[WHAT THE TASK ASKS]: Among the entries below, tally each line where the word "firmware" appears and state only the total.

[DATA EXCERPTS]:

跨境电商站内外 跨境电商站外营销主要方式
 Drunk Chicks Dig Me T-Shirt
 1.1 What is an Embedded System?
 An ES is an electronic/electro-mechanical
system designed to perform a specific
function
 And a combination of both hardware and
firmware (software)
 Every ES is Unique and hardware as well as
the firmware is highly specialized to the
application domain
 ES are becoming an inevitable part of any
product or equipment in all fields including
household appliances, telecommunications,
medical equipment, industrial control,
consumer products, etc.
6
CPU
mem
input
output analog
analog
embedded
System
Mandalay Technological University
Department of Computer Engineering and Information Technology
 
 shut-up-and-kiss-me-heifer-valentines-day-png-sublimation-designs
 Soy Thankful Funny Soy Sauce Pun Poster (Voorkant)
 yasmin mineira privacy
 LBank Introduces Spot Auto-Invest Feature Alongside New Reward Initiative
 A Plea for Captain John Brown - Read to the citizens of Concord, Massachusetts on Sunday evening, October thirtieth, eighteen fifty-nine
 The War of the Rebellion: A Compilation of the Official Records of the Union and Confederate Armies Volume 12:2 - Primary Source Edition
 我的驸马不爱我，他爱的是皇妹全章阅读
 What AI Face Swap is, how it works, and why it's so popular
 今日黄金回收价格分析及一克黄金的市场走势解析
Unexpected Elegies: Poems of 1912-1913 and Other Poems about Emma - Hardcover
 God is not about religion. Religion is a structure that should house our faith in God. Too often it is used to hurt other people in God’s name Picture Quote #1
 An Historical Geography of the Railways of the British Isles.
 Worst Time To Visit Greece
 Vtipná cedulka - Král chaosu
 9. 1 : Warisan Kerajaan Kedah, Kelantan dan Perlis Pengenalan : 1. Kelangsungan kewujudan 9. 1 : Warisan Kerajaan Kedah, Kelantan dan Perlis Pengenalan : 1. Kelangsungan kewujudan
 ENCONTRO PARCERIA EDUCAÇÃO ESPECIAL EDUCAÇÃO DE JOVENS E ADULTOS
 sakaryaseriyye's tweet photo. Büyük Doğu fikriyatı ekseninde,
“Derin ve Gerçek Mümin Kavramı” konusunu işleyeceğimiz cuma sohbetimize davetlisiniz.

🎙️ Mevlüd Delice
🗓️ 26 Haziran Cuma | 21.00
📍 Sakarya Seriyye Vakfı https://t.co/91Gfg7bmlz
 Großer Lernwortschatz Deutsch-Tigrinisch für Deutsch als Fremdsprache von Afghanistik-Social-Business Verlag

[EXERCISE RESPONSE]: 2